現在の企業のサイバーセキュリティ戦略は十分ではないようだ。
Kenna SecuirtyとCyentia Instituteが発表した新しいレポートによれば、企業のサイバーセキュリティ戦略は、パッチ管理や脆弱性対策、サイバーセキュリティリスク管理に関する計画や構造が不十分であり、運に頼った方法と大差がないという。
米国時間5月15日に発表された「Prioritization to Prediction: Analyzing Vulnerability Remediation Strategies」と題したこの調査レポートでは、企業が対処しなければならない脆弱性の数が増えていると指摘している。
MITREが設立されてから2018年1月までに、12万件以上の共通脆弱性識別子(Common Vulnerability Exposures、CVE)が作成されている。そのうち、合計で約2万1000件が「予約」された状態になっているが、これは、識別子が割り当てられたが、まだ具体的な詳細情報が公開されていない脆弱性がそれだけ存在することを示している。
Kenna SecuirtyとCyentia Instituteは、MITREの9万4597件のCVEと、SANS Internet Storm Center、Securewords CTU、Alienvaults OSSIM、Reversing Labsのリソースを含む複数の情報源から収集された、数百万件のセキュリティデータポイントを分析した。
(研究者らは、MITREの12万件のCVEの一部を、検証不可能または論争があるデータとして分析から除いている)
公表された脆弱性を分析したところ、2017年には、企業が対応を検討しなければならない新たな脆弱性の数は1日あたり平均40件だったという。
これだけ多くの新たな脆弱性が公開されていることを考えれば、効果的なパッチ適用戦略を策定するのに苦心している企業があっても不思議はない。
企業にとってのもう1つの課題は、対応スピードかもしれない。
新たな脆弱性を悪用した攻撃コードが開発されて世に出るのは、情報が公開されてから1カ月間がもっとも多く、平均では攻撃コードの50%が情報公開から14日の間に出回っている。

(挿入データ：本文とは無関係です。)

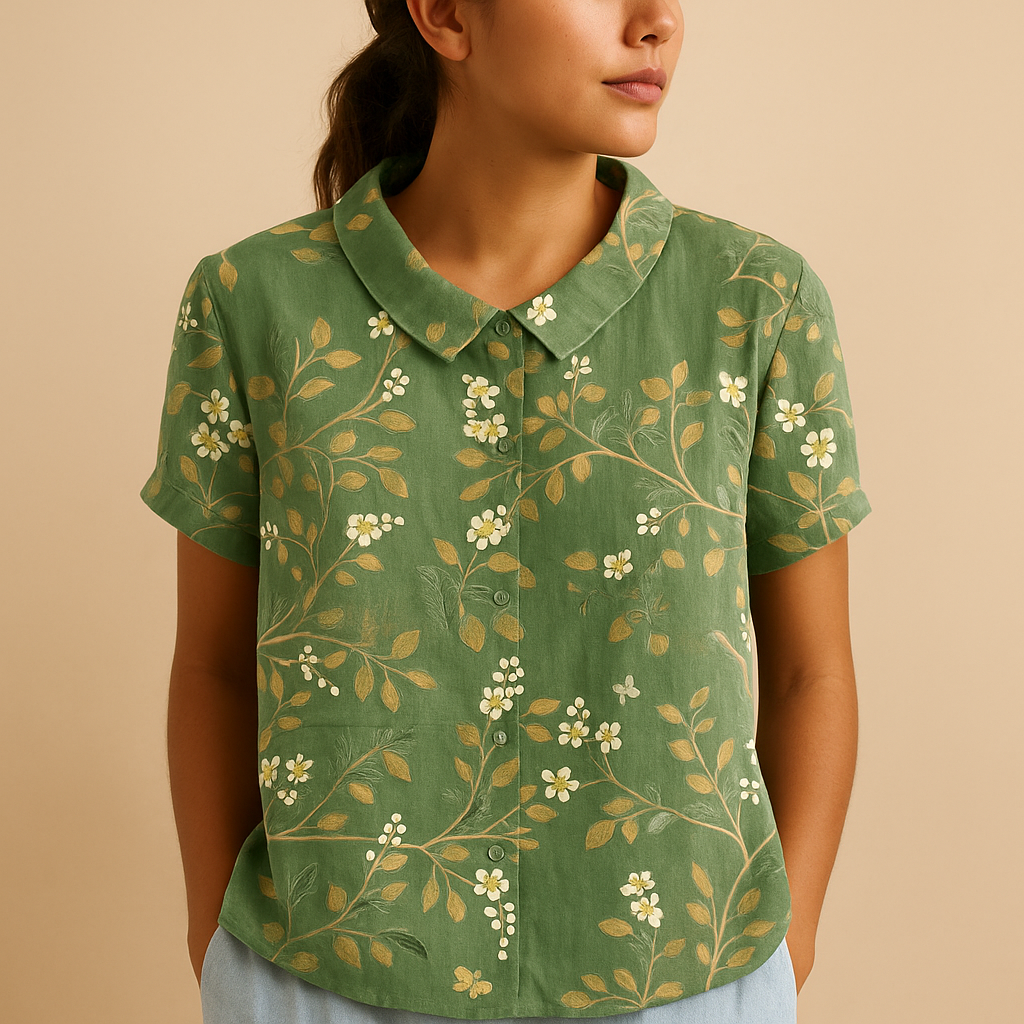 Women's Floral Print Blouse Lightweight - 
Fashinoza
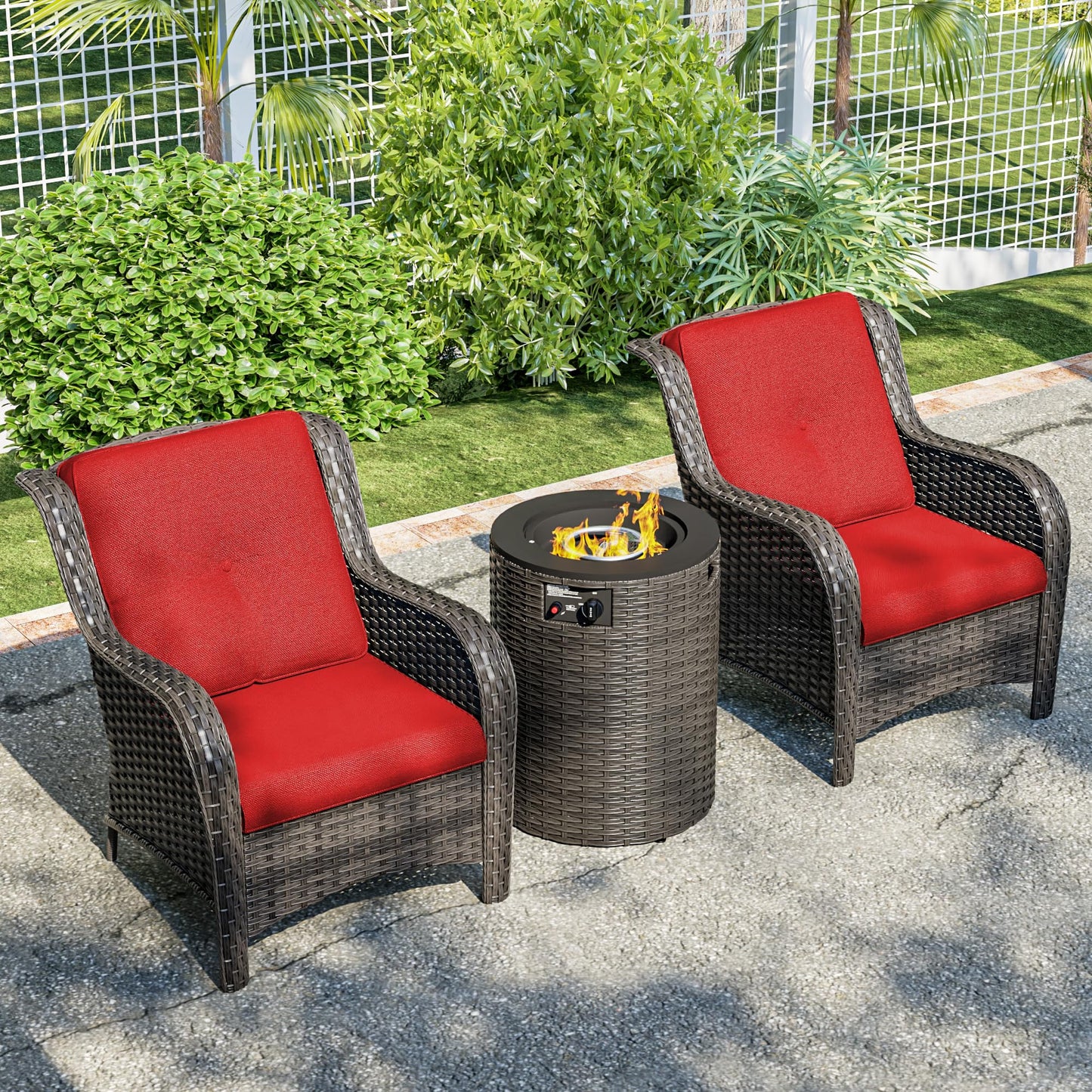 Joyside Patio Furniture Set with Fire Pit Table, 3 Piece Outdoor Wicker Conversation Sets with High Back, Thickened Cushions, Rattan Sectional for Porch, Lawn Use (Red)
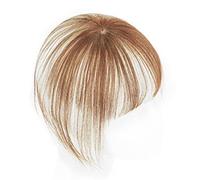 Fake Bangs Human Hair Bangs with Top Piece Clip in Seamless Topper&Fringe Extension 3D Natural Fringe Clip in Bangs Brazilian Non-remy Hair Pieces for Women Bangs Hair Clip Extensions(Light Brown)
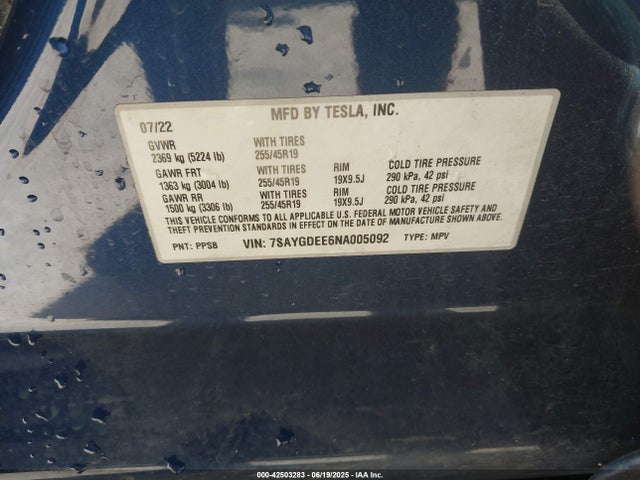 2022 TESLA MODEL Y 7SAYGDEE6NA005092 Photo 8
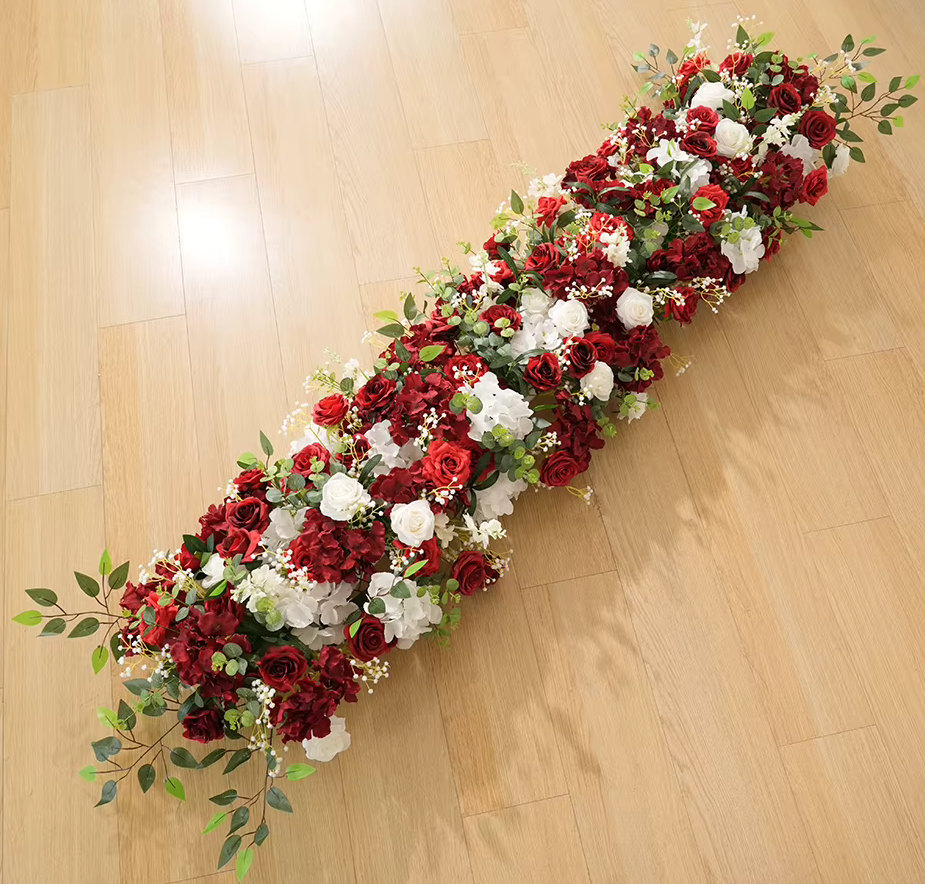 Dark Red Roses & White Gypsophila Wedding Flowers Row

攻撃コードが開発された場合、その脆弱性が実際に悪用される可能性は平均で7倍高くなる。本記事執筆時点では、攻撃コードが存在するCVEの割合は22%だ。
情報公開から1年経過してから、その脆弱性を悪用する攻撃コードが出てくるケースは1%しかない。
つまり現実的には、重要なビジネスのシステムが新しいバグによって影響を受けるかどうかを確認し、問題を修正するまでに約10営業日しかないということだ。
条件によっては(サードパーティーアプリケーションやクラウド、オフプレミスサービス、モバイルデバイス、モノのインターネット(IoT)、オープンソースコンポーネントなどを利用しているかなど)、それが極めて困難な場合もある。
その一方で、脆弱性の大多数(77%)は攻撃コードで使用されることはなく、実際にサイバー攻撃で悪用されている脆弱性は、わずか2%だと推計されている。